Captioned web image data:
----------

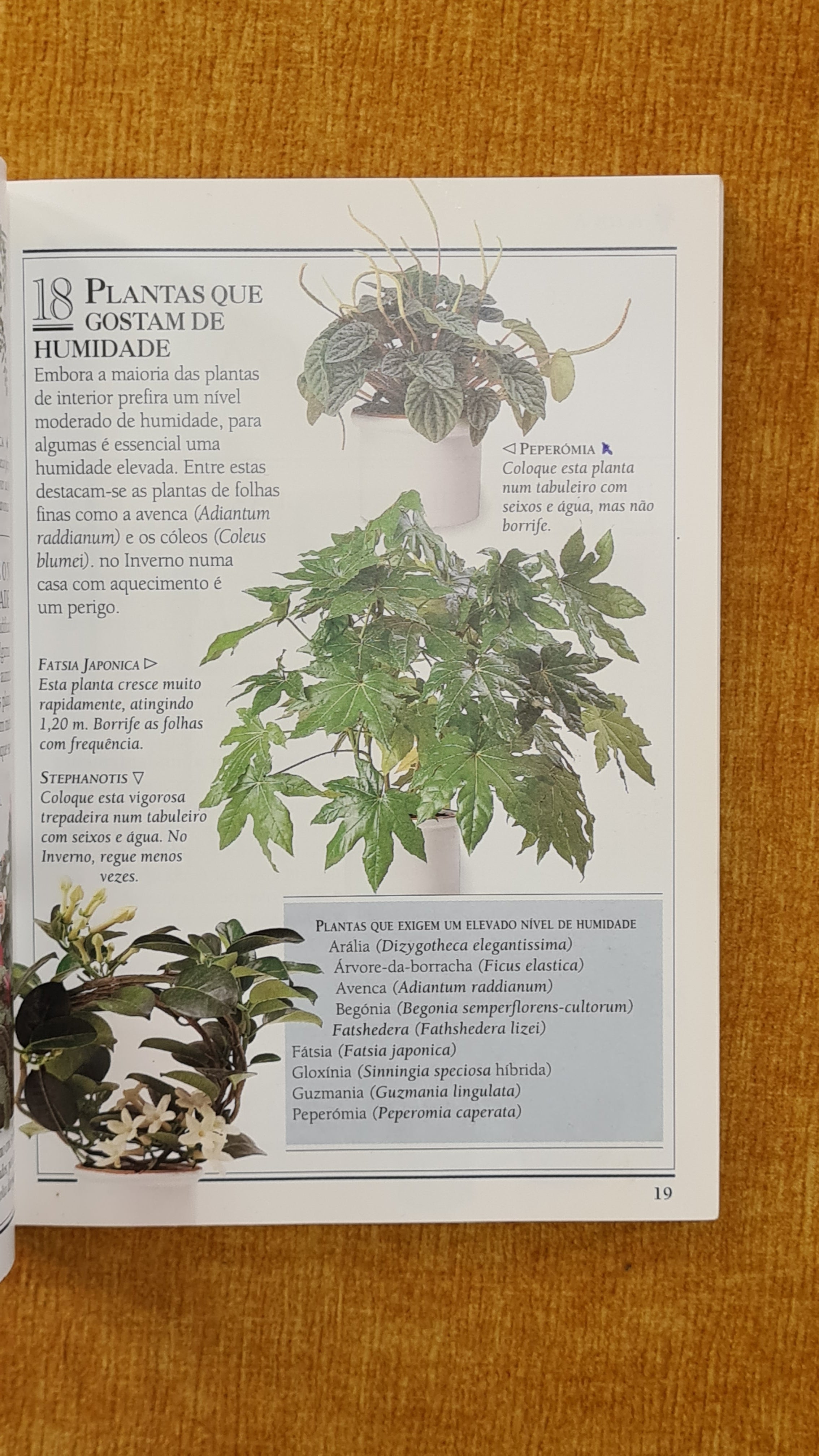 101 Tips - Indoor Plants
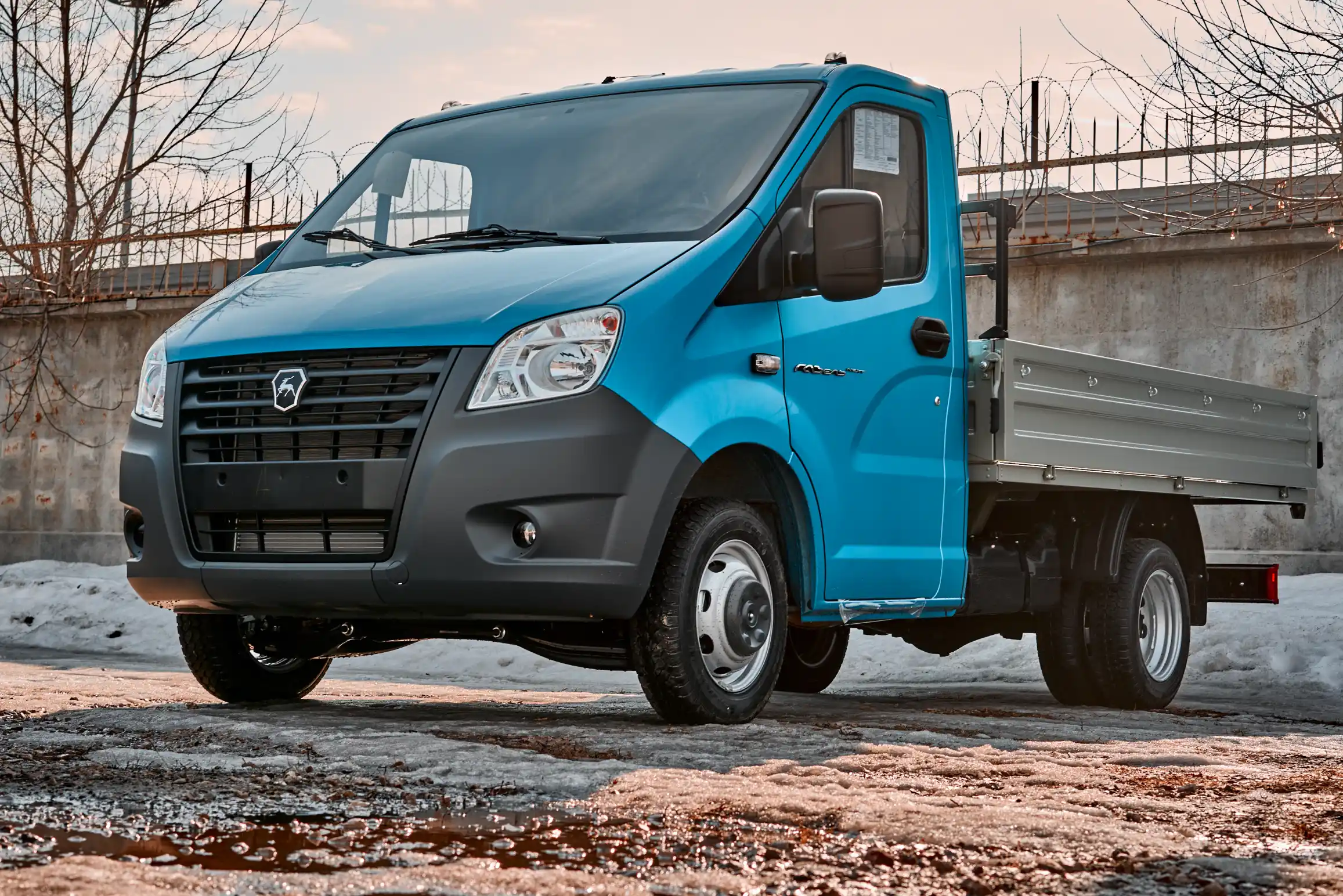 Gazelle NEXT Bort 03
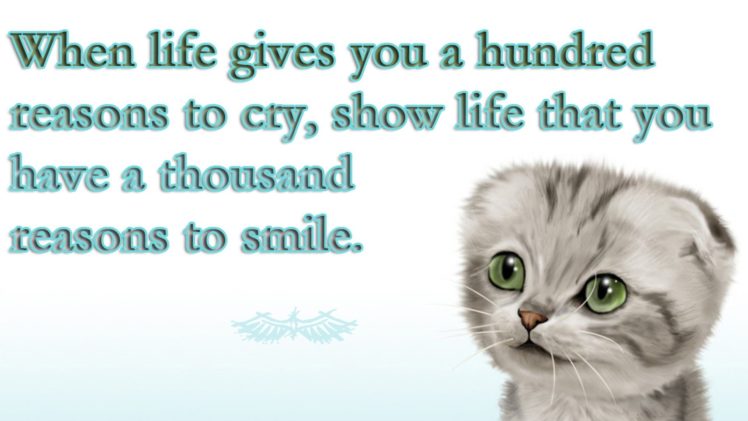 quotes, Drawn, Kittie, Motivational, Posters, Baby, Animals HD Wallpaper Desktop Background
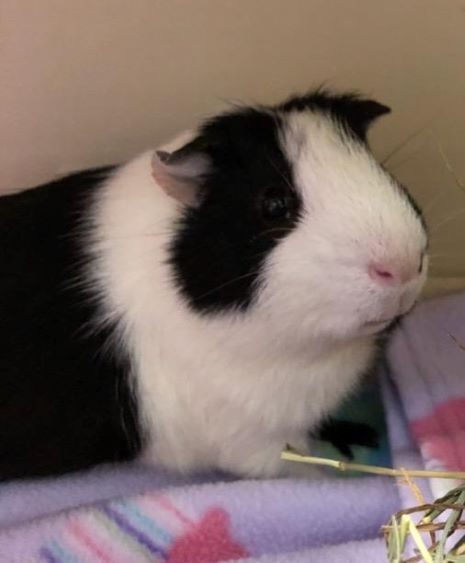 Tux, an adopted Guinea Pig in Franklin, IN_image-4
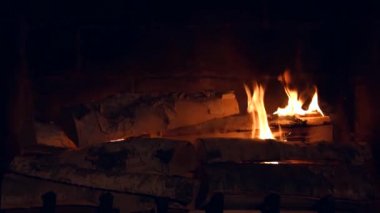 Şöminede ateş yanıyor. Yakacak odun. Sıcaklık ve ev konforu. Bir kır evinin alevleri. Toprak.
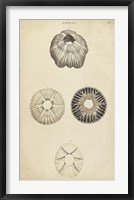 Cylindrical Shells II Framed Print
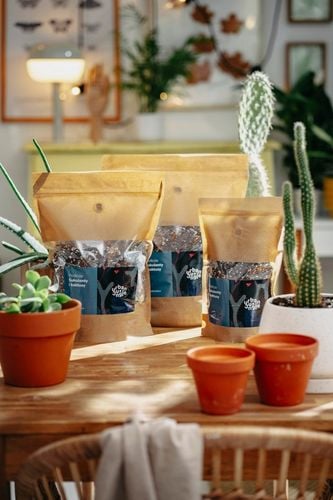 Ziemia do SUKULENTÓW i KAKTUSÓW 3L bigos, podłoże na Arena.pl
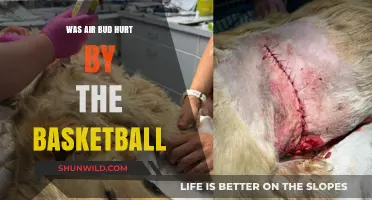 Air Bud's Basketball Injury: Was He Hurt?
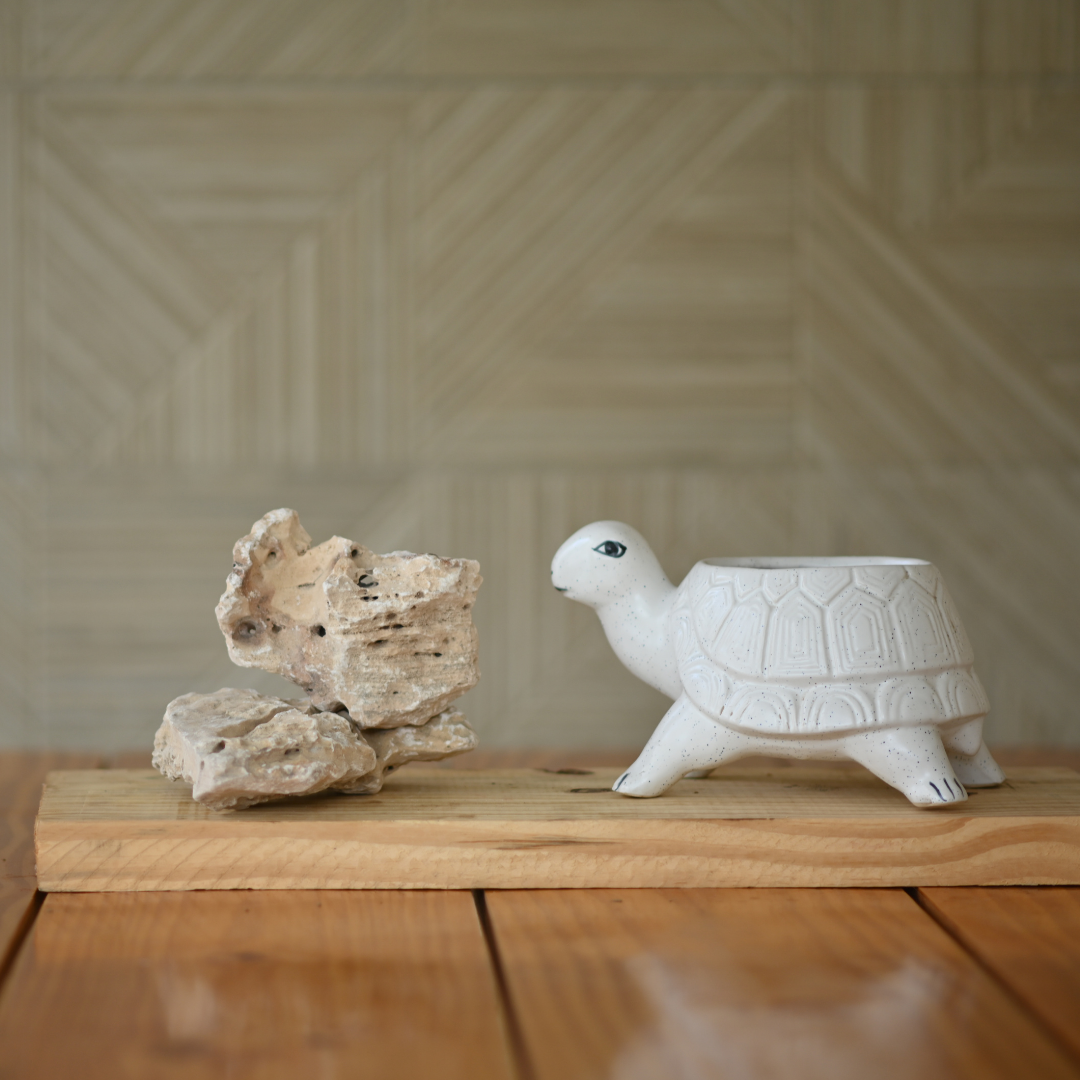 Ceramic Standing Tortoise Pot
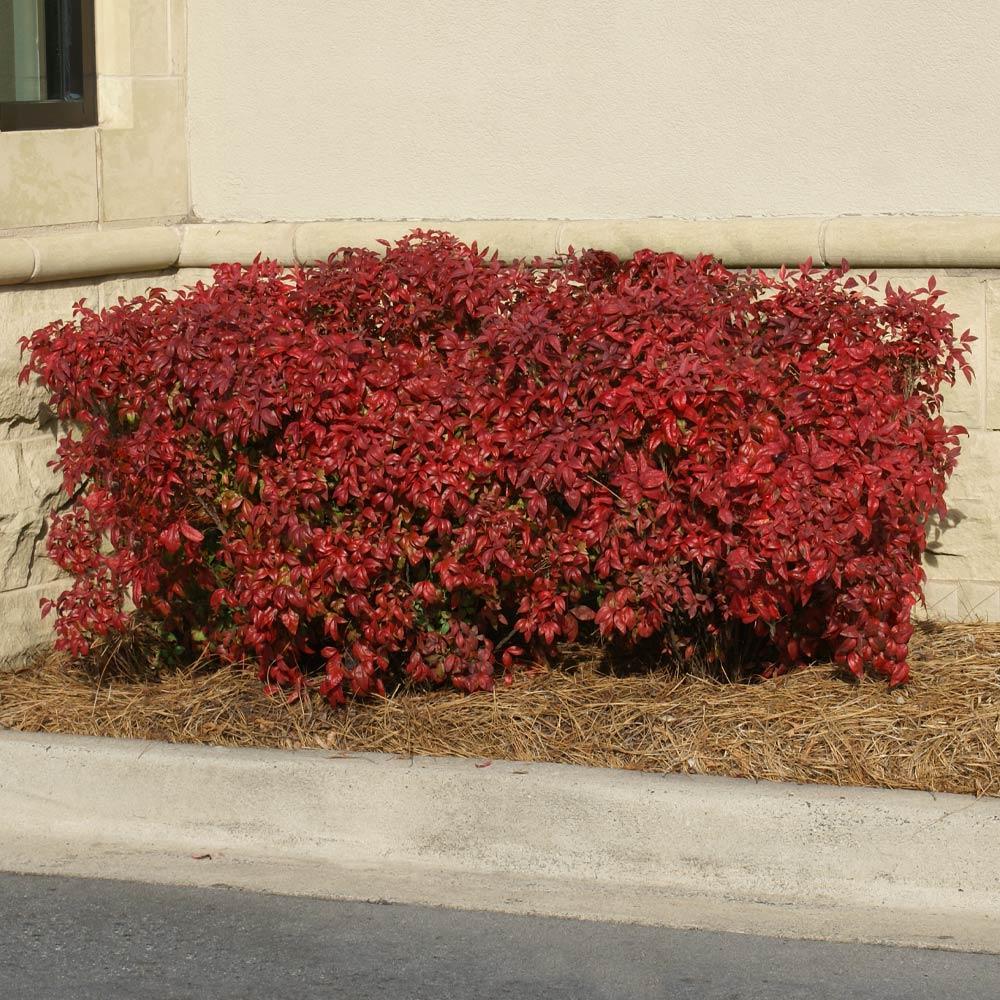 Southern Living® Obsession Nandina Shrub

----------

_Assignment:_
Would you retype the lines from the line containing "Tux, an adopted" to the final line of the entries above, exactly as given and without pictures?

_Exercise response:_
 Tux, an adopted Guinea Pig in Franklin, IN_image-4
 Şöminede ateş yanıyor. Yakacak odun. Sıcaklık ve ev konforu. Bir kır evinin alevleri. Toprak.
 Cylindrical Shells II Framed Print
 Ziemia do SUKULENTÓW i KAKTUSÓW 3L bigos, podłoże na Arena.pl
 Air Bud's Basketball Injury: Was He Hurt?
 Ceramic Standing Tortoise Pot
 Southern Living® Obsession Nandina Shrub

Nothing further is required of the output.